Stored items
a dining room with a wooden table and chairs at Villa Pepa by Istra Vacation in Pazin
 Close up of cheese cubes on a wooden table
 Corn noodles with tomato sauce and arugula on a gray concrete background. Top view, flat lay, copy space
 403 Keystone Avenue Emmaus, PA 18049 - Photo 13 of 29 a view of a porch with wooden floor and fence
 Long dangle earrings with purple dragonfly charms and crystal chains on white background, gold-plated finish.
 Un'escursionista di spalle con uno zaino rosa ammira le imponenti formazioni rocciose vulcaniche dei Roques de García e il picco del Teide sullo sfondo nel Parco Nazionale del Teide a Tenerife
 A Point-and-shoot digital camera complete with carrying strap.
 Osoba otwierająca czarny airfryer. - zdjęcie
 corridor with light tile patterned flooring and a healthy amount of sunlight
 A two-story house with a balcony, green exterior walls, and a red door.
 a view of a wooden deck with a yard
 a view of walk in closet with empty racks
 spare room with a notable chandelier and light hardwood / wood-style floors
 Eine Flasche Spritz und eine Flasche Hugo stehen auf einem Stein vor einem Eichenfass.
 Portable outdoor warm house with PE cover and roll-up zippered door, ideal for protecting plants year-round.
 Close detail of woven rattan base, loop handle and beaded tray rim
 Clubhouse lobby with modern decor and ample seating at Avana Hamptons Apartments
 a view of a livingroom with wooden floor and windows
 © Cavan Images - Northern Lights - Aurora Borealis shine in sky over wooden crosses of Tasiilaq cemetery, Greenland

§ **Problem to solve**
From the data above, show each line that contains "background".

§ **Response for this exercise**
 Corn noodles with tomato sauce and arugula on a gray concrete background. Top view, flat lay, copy space
 Long dangle earrings with purple dragonfly charms and crystal chains on white background, gold-plated finish.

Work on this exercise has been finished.